Grandparents can be really wonderful. Children lucky enough to have grandparents in their lives often experience a love like no other. We sometimes hear grandparents joke that having grandkids is great because they get to spoil them and give them back to mom and dad. These are endearing moments that can warm hearts.
While it is lovely to be with a grandparent, there needs to be an understanding between the parents and grandparents about the children and how the parents are raising them. For some, this might be a reminder that a diet exclusively of candy and ice cream while at grandma and grandpa's is not OK. Others may want to talk about rules about screens and play. And, of course, there are discipline methods, which for one family means absolutely no hitting.
A mom and dad of an autistic child are having an issue with grandma. Their son got excited while playing recently and bit his grandmother, and in return, she smacked him. His parents were enraged and told her that her reaction was totally inappropriate and that she should never hit their child again. She disagreed and said that she would do as she pleased. Now the parents want to cut her off until she can treat their child as they see fit. Is that unreasonable?
The grandmother is around a lot.
The child's mom, OP, posted on Mumsnet's Am I Being Unreasonable forum because she is not OK with her mother-in-law's reaction to her child. MIL is at their home several times weekly and is quite familiar with the child's autism and behaviors.

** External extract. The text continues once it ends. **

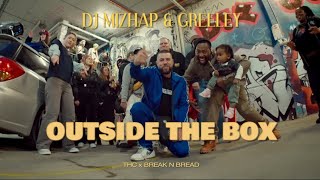 DJ Mizhap amp Greeley  Outside The Box Official Music Video [upl. by Maddeu]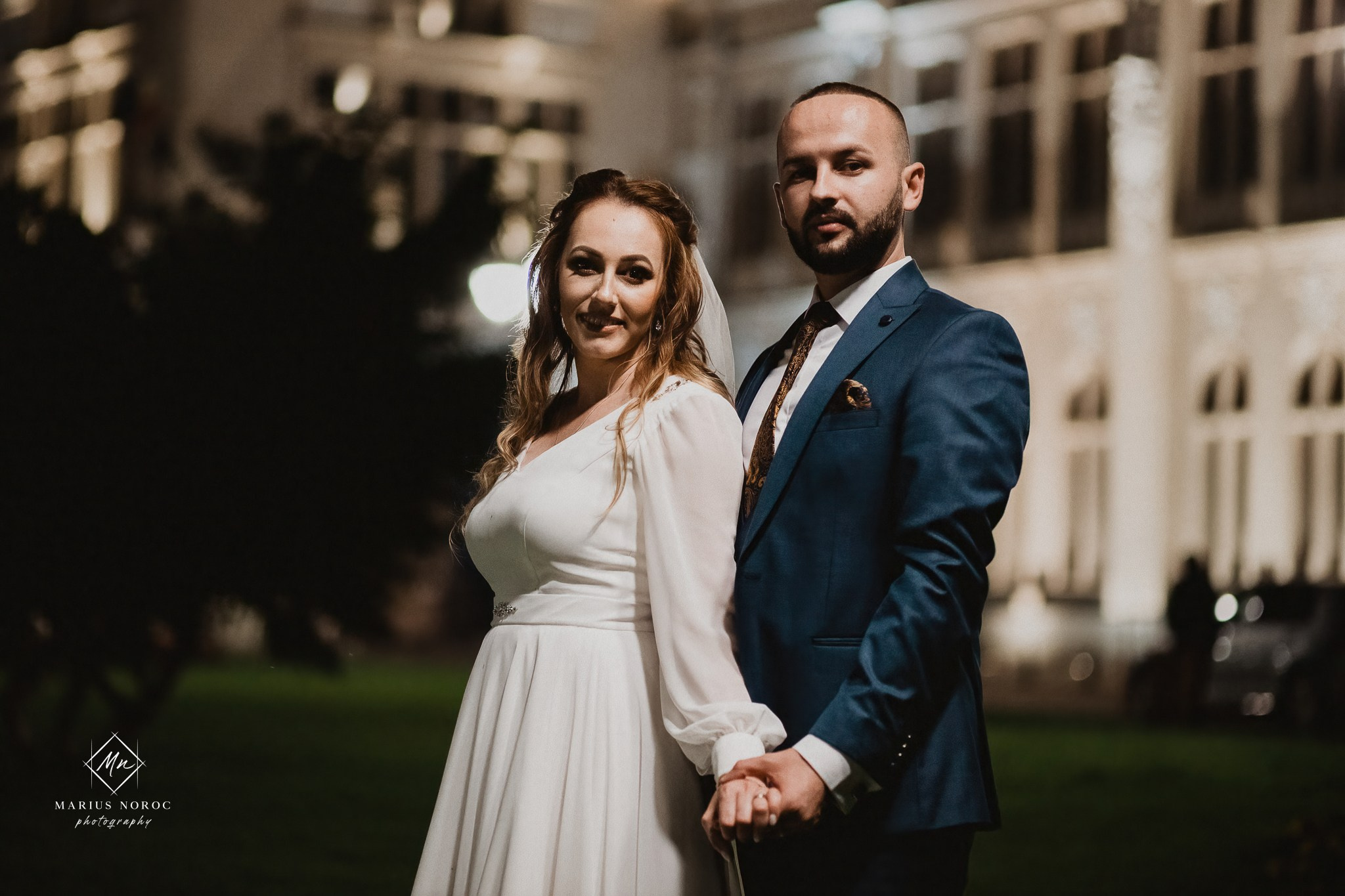 Mihaela & Claudiu | Palatul Culturii Iasi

Recently, the two were playing, and he got overly excited, accidentally biting her. She smacked him on the back, hard, and told him not to bite. He was terrified and just wanted to go home.
"When I went to help DS get ready to leave, DH called her out on it," she wrote. "He said that he understood that it may have been an old habit/instant reaction, however we do not hit DS and to please never do that again. She told them they can parent how they want, but that she'll discipline as she sees fit."
The parents are annoyed.
OP's husband told her what his mom said when they got home, and she was distraught. They sat down with their son and explained that biting is wrong, but so is hitting, and if anyone touched him again, to let them know right away.
"DH has said that if it ever happens again that it will be the last time she sees us, however I now feel very uncomfortable. I would maybe agree if she'd apologised however it feels like a looming threat that she will 'discipline as she sees fit,' Am I overreacting? Would you give her a second chance?" OP asked.
This is her grandson, not her son.
AIBU forum members quickly pointed out that this is a grandmother, not a mother, she has no right to hit someone else's child.
"I'm so sorry that this is something you have to deal with, it must be really awful," one person wrote. "If it was me on your situation, I'd feel very uncomfortable letting my MIL anywhere near my DS, especially after hearing the 'discipline as I see fit' remark. What's your gut reaction, cos mine would be to stay away?"
"Nobody should be openly saying 'I'll do it again if I feel justified' when it comes to belting a child and that's basically what she's saying," someone agreed.
"Well he isn't her child to discipline as she sees fit!!!" another person pointed out. "Can you DH sit her down when the whole thing is less on the boil and talk to her?"
"I would imagine that if she felt terrible, she would apologise," noted one person. "However this grandmother says openly that she would do it again. Sounds unrepentant to me."
Only some people think that the grandmother is wrong.
A few commenters felt like OP was using her son's autism as an excuse, and that is not OK with them.
"Explain to your kid that if you hurt people, they may hurt you worse," someone commented. "That is life. Why should kids with autism get a free pass all the time? I remember years ago in a shop. I was sexually assaulted by a young man. He grabbed my a—. I turned around and his mum said 'I'm sorry, he is autistic' as if I was supposed to say 'oh OK that is fine then.'"
"This type of thing needs to stop," one commenter wrote. "Your mil was assaulted and you're mad at her for retaliating? Have a word with yourself. Today he bit. He will grow up thinking no consequences and will only escalate. I fear for women in the future. Assault is not OK. Your mil acted in self defence and I don't blame her!"
Others argue parenting a child with autism is more complicated than people think.
"Amazing how many people without autistic children think they're experts on it!" noted one commenter. "You don't just 'sort' an autistic kids out! It's extremely hard work being a parent, a parent of an autistic child more so. All the ignorant judging of others just makes it even harder!"
This is a challenging situation all around.
Almost everyone in the forum agreed that hitting a child is wrong and the grandmother shouldn't go against a parent's wishes. But plenty of people feel that the parents weren't doing their part and are playing victims.
Some think the family needs to sit down, air their grievances, and hopefully devise a plan everyone agrees on and respects. Cutting the grandmother off from her family should be the absolute last resort.